Netanyahu had courted Putin over Russia’s role in Syria, Israel’s most unstable immediate neighbor. Russia has supported the regime of Bashar al Assad, Syria’s murderous dictator, with indiscriminate bombings against various rebel groups. Netanyahu’s desire was to secure Israel’s freedom to pursue its own interests in Syria (including periodic airstrikes) without Russian impediments. Some argue that Netanyahu, Israel’s dominant politician for the past two decades, also has an affinity for strongmen like Putin. Netanyahu hesitated to criticize Russia for its invasion of Ukraine and, when he did, he showed great restraint. He has also not supplied weapons to Ukraine, despite Ukrainian requests.
There is a great potential affinity between Russia and Israel: 15% of Israelis speak Russian due to their origins in the former Soviet Union. Putin appears to admire Israel as a powerful regional power that is not afraid to pull its weight against neighbors and has welcomed Netanyahu’s apparent indifference to Russia’s democratic shortcomings.
Yet for all its cordiality, Russian support for Palestinian nationalism has remained unchanged since Soviet times, when Russia helped train Palestinian fighters and arm the Arab countries that attacked Israel in 1973. Russia has been for a long time closer to Syria than to Israel. Furthermore, Putin’s weakness for Israel has not prevented him from reaching out to Iran, the most vehemently anti-Israel regime in the Middle East.

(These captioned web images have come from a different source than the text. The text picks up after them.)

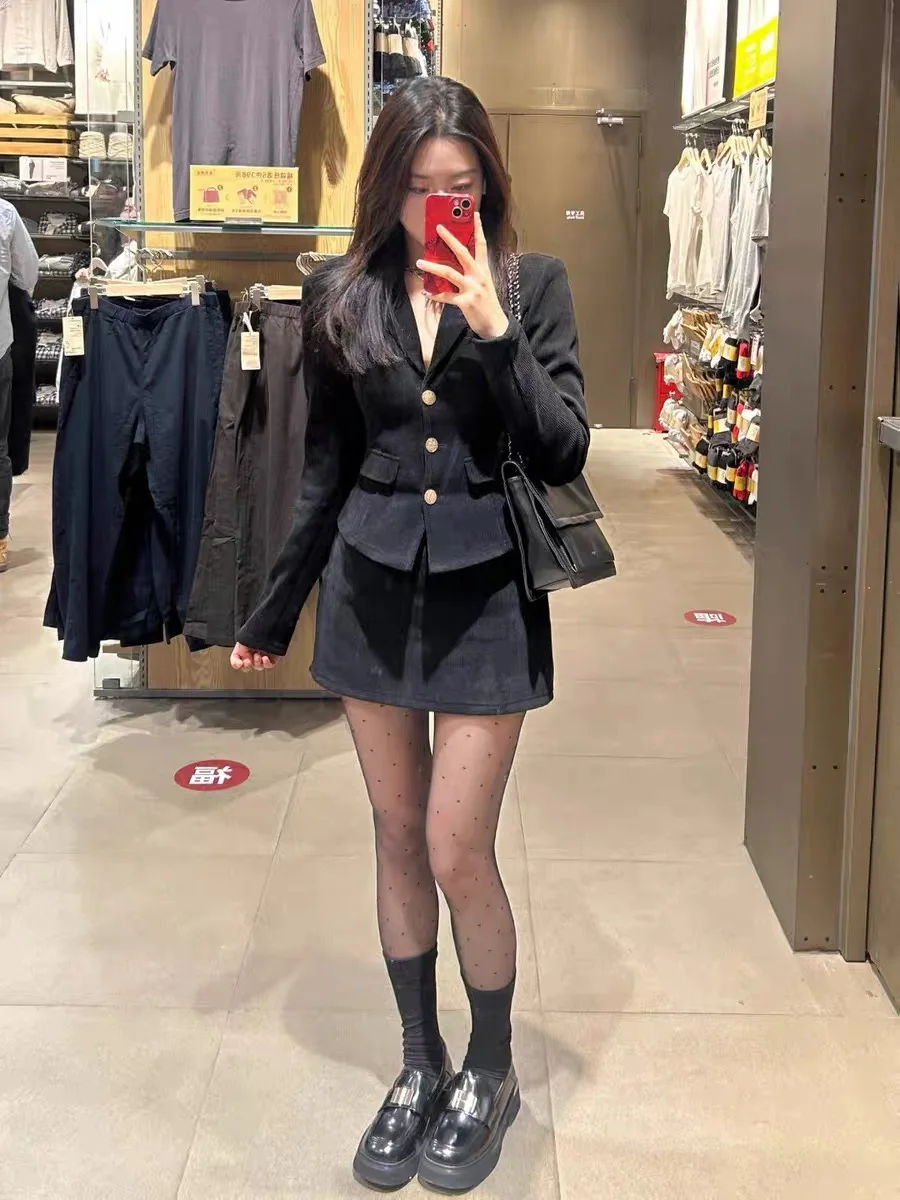 

UNXX Ensemble with Vintage Blazer and A-line Skirt Salt Series Mature and Chic Two-Piece Set high quality female suit set new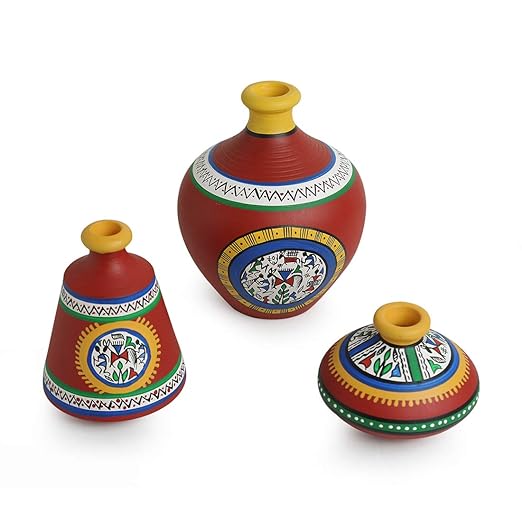 Adore Earthenware Red Matkis Handpainted Terracotta Vases Set of 3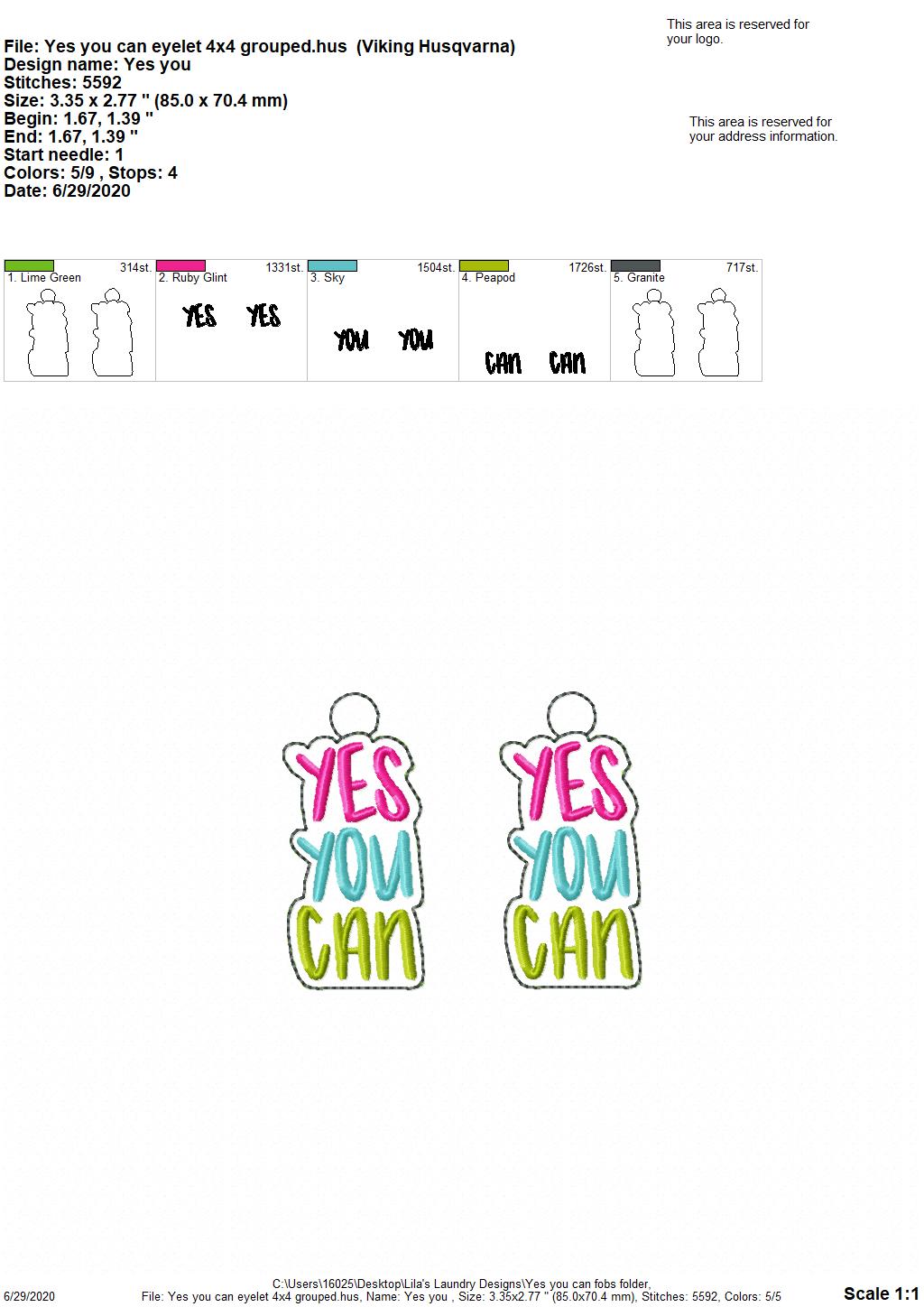 Yes you can Fobs - DIGITAL Embroidery DESIGN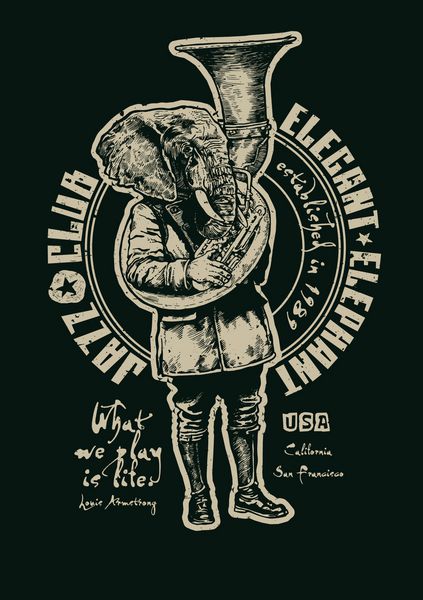 طراحی رترو جاز فیل زیبا برای چاپ پوستر یا تی شرت با فیل فونت و بافت وکتور افکت گرانج در لایه جداگانه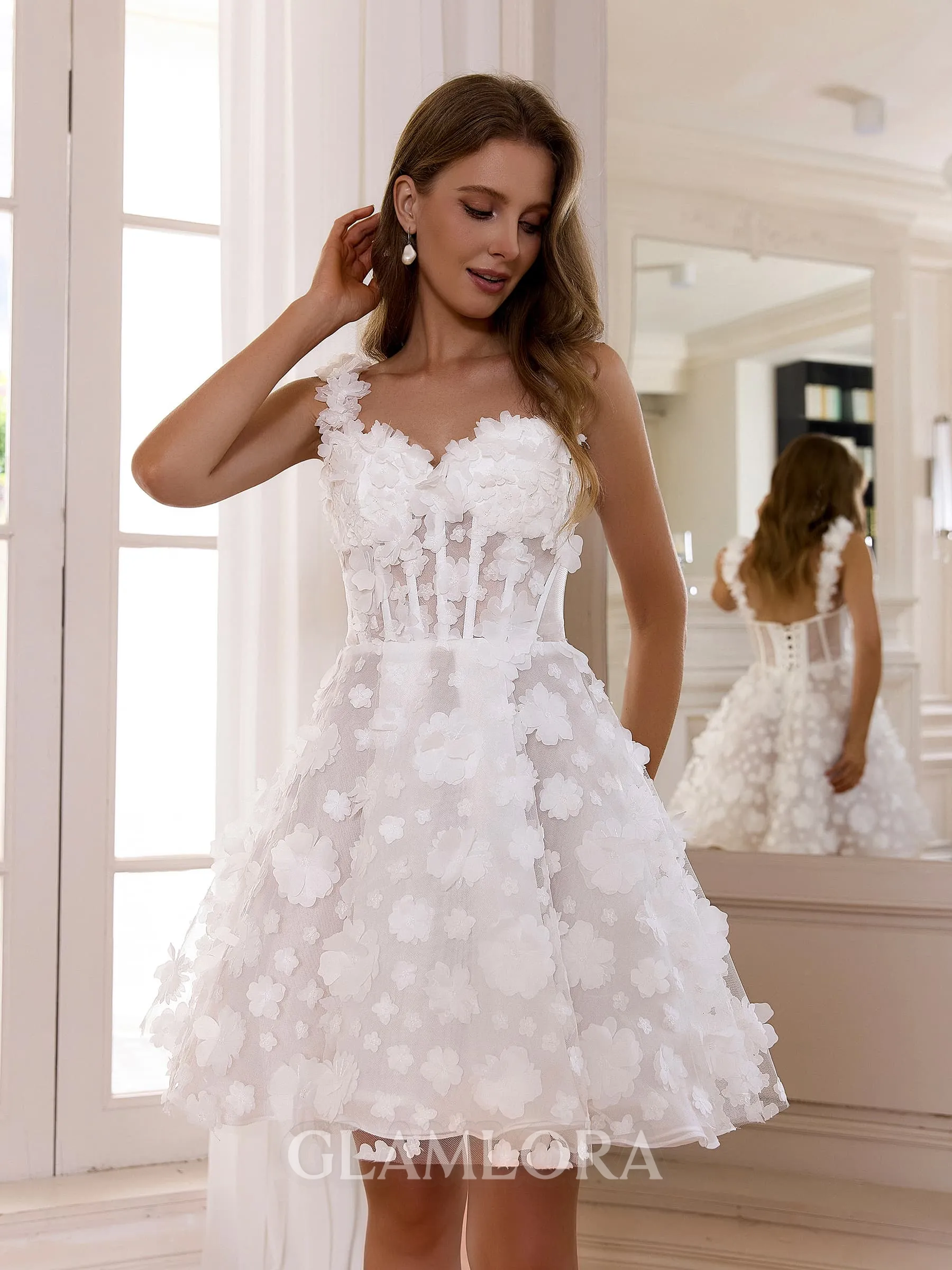 Unique A-line Off-the-Shoulder Appliques Lace Short/Mini Lace Corset Wedding Dress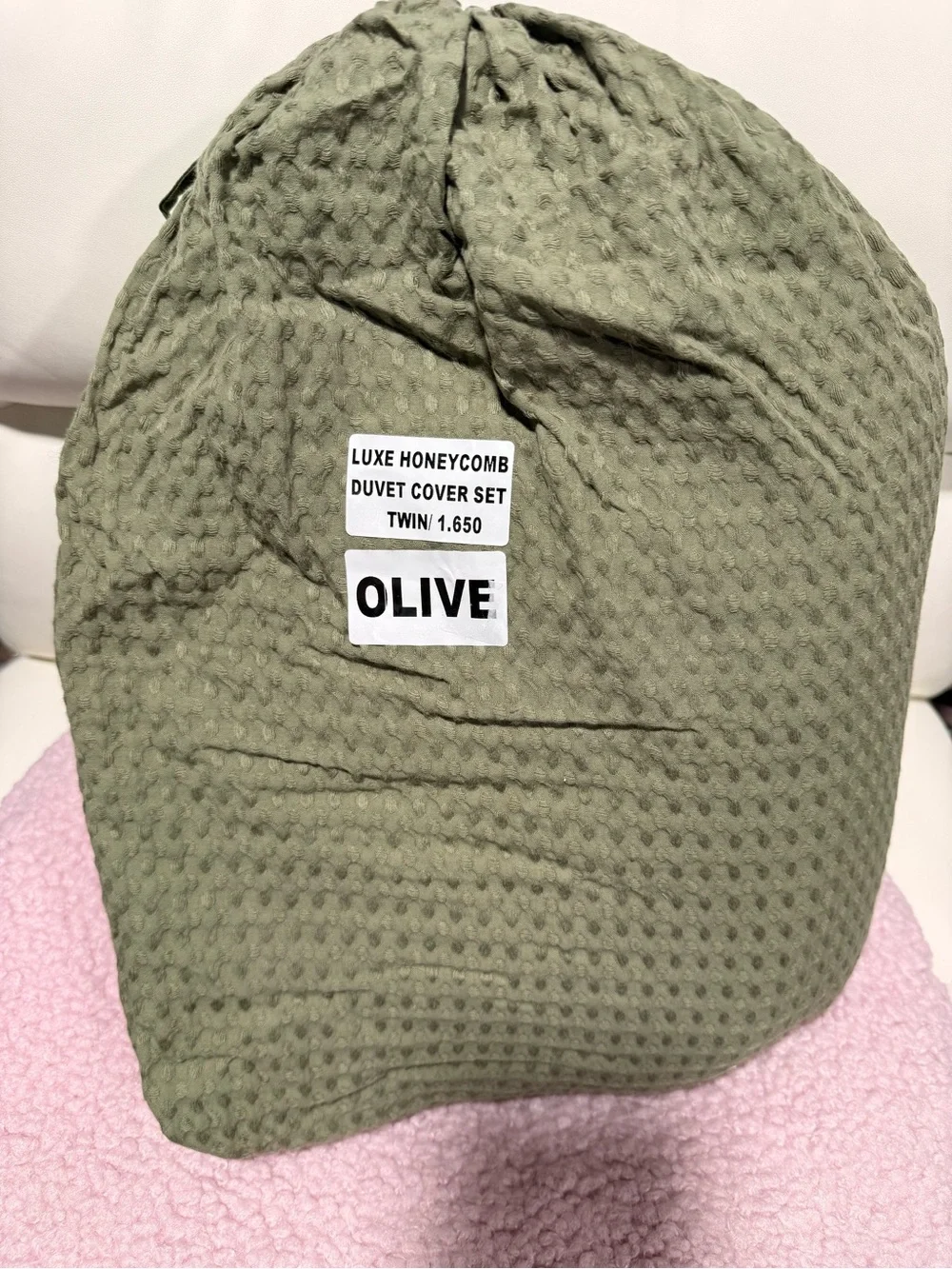 Quince Luxe Honeycomb Duvet Cover Set in Olive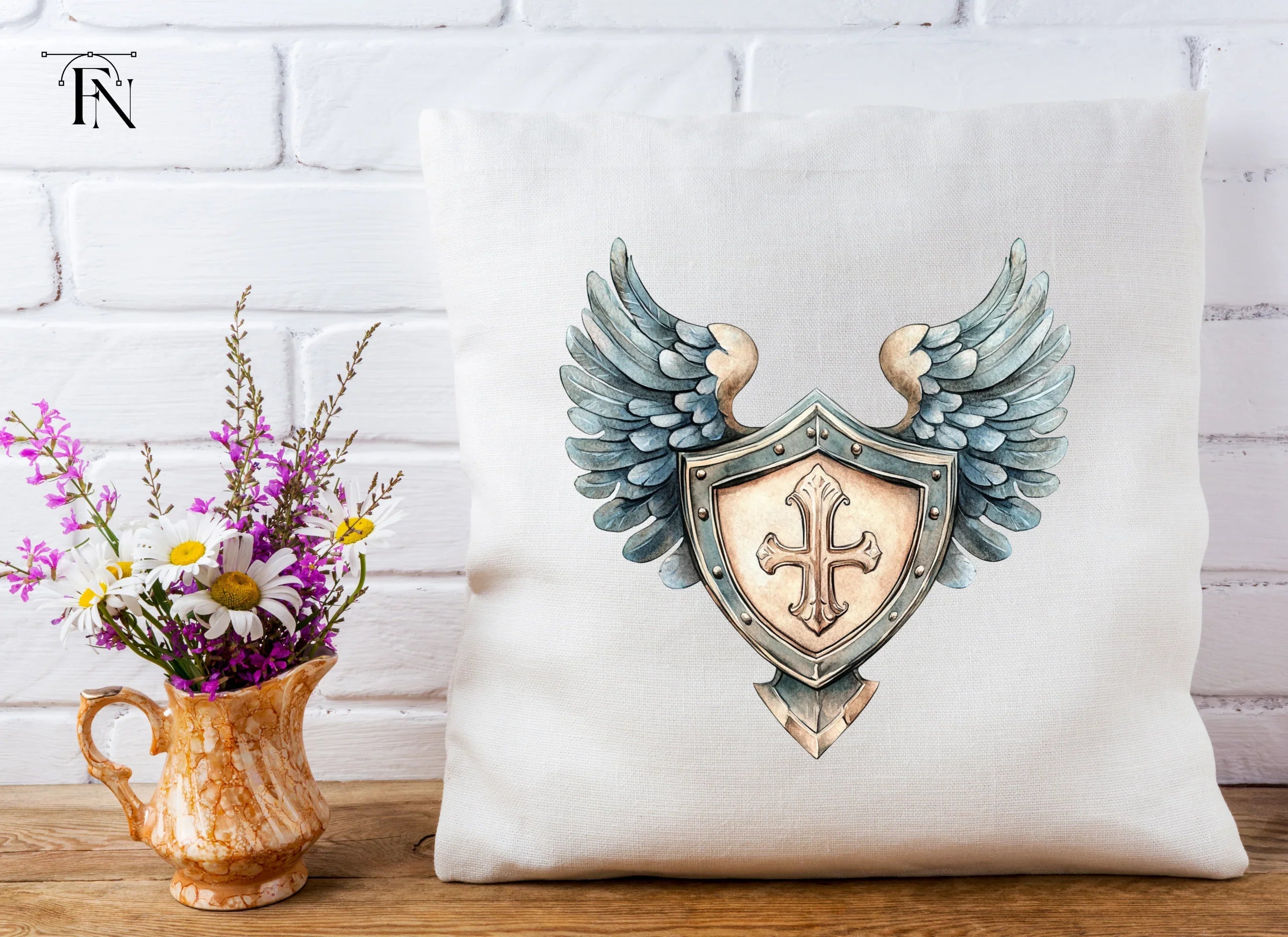 Winged Shield Cross Clipart Bundle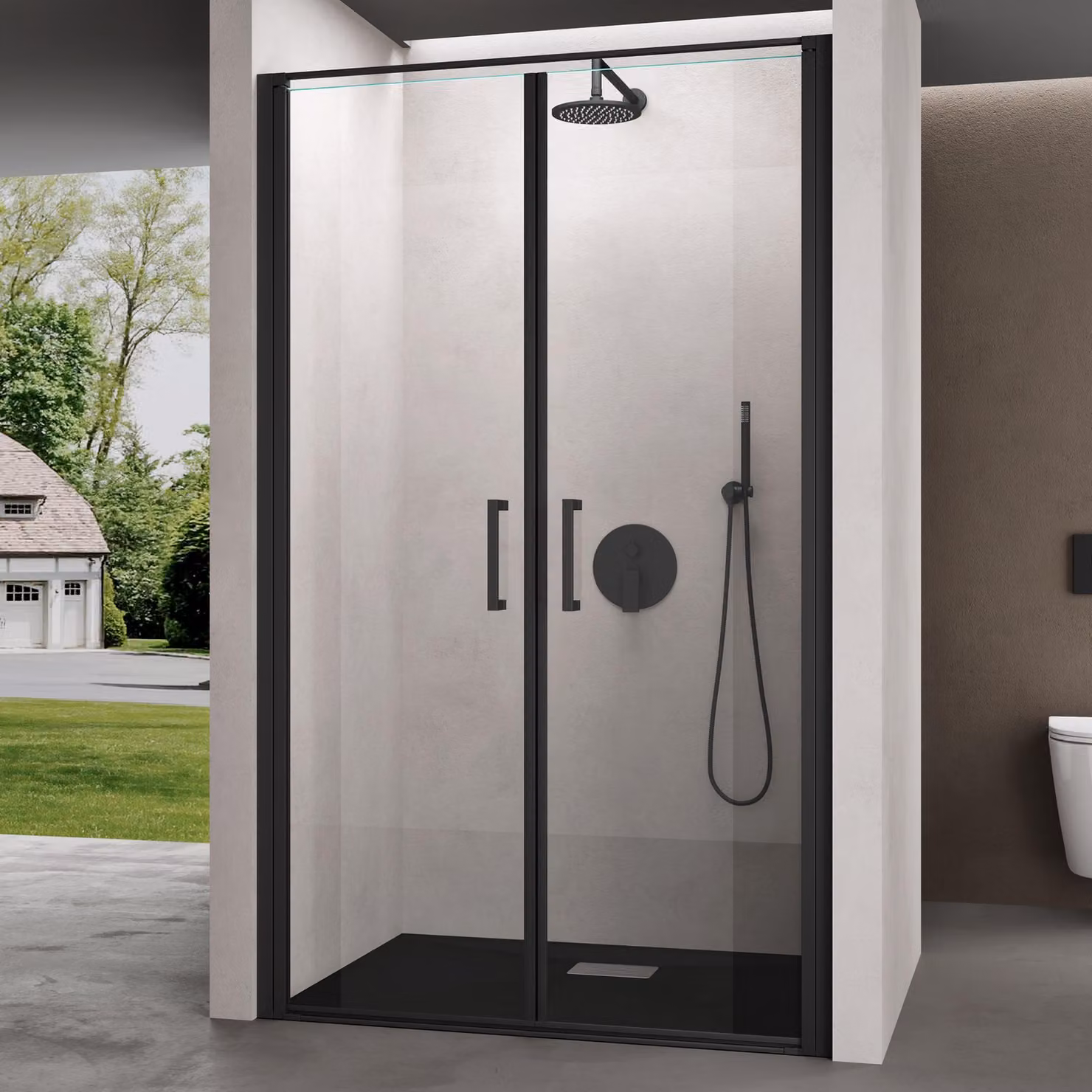 doporro Porta Doccia per Nicchia 100x195cm in Vetro Temperato Trasparente Anticalcare con Telaio Nero OpacoRivestimento NANO con Meccanismo di Sollevamento e AbbassamentoTeramo66K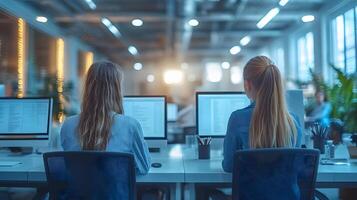 Busy office environment with employees working on innovative technology projects, realistic 8K resolution, photo
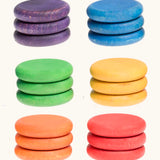 Grapat handcrafted wooden coins loose parts in 6 rainbow colours set in a pack of 18.
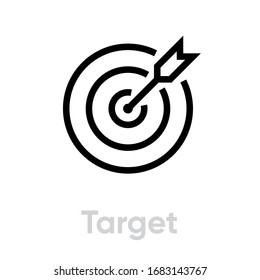 Target Epidemic icon. Editable line vector. Stylized arrow sign in the center of the goal. Single pictogram.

There is no indication that Russia provided direct assistance to Hamas in the planning or execution of its attack on southern Israel. However, it has maintained friendly relations with the Iranian-backed organization since it came to power in Gaza, guided by the conviction that it could one day be useful to it. In 2007, Russian Foreign Minister Sergei Lavrov warmly received Khaled Meshal, a member of the Hamas leadership, in Moscow. When Israeli forces entered Gaza in a seven-week operation in 2014, they encountered a large number of Russian anti-tank missiles supplied by Iran.
Russia’s increasingly warm relationship with Iran has already raised tensions with Israel and could have led to a confrontation even without the October 7 atrocity. Last year, when Russia ran out of missiles with which to pulverize Ukraine, it turned to Iran in search of hundreds of Shahed self-detonating drones with which to attack infrastructure and population centers. Now it is manufacturing its own version of that drone with Iranian help. In return, Russia is believed to supply Iran with attack helicopters and air defense systems. These weapons, for their part, would contribute to increasing Iran’s capabilities in the event of a hypothetical war with Israel.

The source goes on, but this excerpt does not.